(Dataset items)
--

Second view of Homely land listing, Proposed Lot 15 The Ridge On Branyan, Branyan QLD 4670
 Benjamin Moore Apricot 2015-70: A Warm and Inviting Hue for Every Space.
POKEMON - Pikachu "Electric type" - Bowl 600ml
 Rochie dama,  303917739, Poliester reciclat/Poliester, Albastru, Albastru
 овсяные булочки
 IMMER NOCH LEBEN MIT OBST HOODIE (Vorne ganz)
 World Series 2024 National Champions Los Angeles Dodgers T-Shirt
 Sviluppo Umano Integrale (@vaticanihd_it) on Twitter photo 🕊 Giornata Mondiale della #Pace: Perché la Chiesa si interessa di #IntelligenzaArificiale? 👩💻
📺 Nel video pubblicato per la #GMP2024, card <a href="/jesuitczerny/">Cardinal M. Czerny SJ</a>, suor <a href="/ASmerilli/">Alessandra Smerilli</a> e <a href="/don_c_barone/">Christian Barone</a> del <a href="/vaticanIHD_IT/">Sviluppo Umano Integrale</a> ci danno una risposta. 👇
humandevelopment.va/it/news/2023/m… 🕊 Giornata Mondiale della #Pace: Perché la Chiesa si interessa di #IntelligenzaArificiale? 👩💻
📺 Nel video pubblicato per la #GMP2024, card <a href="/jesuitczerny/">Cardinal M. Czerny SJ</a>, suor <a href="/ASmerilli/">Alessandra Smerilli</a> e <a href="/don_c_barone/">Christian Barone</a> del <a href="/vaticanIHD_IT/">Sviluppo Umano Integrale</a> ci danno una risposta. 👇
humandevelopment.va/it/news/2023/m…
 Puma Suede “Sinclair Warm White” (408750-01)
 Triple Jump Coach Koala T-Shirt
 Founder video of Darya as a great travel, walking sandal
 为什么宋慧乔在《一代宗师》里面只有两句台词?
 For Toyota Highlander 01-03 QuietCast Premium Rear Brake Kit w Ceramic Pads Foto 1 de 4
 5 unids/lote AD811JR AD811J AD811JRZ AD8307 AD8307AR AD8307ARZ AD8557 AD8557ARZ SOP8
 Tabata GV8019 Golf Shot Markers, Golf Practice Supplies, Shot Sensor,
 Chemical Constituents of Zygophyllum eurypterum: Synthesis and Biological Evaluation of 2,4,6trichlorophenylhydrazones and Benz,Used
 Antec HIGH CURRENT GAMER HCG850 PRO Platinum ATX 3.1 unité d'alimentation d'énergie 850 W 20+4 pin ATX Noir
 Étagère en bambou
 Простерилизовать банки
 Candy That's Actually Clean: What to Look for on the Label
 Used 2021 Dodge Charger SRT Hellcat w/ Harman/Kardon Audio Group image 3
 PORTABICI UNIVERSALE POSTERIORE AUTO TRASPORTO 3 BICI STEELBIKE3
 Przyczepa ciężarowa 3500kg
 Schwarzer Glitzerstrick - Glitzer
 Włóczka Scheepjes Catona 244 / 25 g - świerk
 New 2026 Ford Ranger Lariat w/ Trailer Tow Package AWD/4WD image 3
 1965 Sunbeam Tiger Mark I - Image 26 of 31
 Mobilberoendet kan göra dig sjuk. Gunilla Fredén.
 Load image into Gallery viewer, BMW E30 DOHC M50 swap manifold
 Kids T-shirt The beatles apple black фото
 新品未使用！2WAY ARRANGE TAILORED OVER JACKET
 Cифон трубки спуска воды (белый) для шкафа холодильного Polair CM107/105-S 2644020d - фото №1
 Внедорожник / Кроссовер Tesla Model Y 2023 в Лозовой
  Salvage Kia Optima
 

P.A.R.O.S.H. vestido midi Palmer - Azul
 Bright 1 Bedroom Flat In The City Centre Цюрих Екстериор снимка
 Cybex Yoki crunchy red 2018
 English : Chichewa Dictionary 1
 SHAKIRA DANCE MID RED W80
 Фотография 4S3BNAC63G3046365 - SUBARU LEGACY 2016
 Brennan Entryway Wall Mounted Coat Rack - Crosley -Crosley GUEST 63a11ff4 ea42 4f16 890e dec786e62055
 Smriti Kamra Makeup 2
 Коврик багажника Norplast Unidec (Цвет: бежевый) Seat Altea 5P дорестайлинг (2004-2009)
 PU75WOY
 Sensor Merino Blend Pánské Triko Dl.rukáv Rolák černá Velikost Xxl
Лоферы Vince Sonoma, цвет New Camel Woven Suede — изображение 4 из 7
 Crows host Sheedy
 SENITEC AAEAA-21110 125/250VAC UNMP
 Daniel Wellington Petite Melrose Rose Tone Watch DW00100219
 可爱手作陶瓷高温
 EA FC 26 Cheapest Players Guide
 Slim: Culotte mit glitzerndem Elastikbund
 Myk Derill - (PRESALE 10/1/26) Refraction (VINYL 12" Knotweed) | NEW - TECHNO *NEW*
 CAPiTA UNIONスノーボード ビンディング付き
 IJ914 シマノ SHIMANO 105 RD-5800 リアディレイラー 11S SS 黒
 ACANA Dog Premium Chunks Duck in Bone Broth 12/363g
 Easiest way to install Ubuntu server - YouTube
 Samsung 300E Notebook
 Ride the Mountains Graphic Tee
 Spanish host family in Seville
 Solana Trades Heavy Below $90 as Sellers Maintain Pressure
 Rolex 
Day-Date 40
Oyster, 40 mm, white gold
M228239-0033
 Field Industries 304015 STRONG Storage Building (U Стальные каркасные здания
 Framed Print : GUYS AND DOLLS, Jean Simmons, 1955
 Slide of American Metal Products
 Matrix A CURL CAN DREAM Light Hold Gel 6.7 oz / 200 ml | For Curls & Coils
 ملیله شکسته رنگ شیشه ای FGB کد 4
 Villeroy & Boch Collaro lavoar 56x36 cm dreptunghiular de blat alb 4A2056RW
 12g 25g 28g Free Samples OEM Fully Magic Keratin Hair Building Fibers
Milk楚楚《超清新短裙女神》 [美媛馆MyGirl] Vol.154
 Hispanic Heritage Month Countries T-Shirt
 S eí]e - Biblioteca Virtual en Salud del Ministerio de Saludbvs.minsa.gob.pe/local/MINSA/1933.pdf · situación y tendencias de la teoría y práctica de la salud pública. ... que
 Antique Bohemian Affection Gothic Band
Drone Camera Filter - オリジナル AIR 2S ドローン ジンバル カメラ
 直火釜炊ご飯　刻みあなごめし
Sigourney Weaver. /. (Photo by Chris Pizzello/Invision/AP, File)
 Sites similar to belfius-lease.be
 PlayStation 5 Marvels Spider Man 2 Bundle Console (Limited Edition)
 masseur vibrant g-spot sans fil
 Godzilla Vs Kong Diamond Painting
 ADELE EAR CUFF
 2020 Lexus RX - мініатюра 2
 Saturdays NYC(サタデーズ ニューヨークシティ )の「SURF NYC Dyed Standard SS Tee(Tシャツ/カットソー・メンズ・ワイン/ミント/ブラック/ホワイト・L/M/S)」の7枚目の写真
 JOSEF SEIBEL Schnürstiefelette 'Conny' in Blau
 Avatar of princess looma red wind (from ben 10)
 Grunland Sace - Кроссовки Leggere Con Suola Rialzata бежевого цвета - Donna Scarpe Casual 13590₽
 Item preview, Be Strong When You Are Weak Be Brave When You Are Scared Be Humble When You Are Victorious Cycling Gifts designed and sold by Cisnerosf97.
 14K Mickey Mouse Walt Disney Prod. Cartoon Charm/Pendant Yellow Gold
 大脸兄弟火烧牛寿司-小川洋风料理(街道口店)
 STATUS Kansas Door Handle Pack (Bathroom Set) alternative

--

● **Your instructions**: Copy each line from the data above that includes "Sensor".

● **Written solution**:
 Tabata GV8019 Golf Shot Markers, Golf Practice Supplies, Shot Sensor,
 Sensor Merino Blend Pánské Triko Dl.rukáv Rolák černá Velikost Xxl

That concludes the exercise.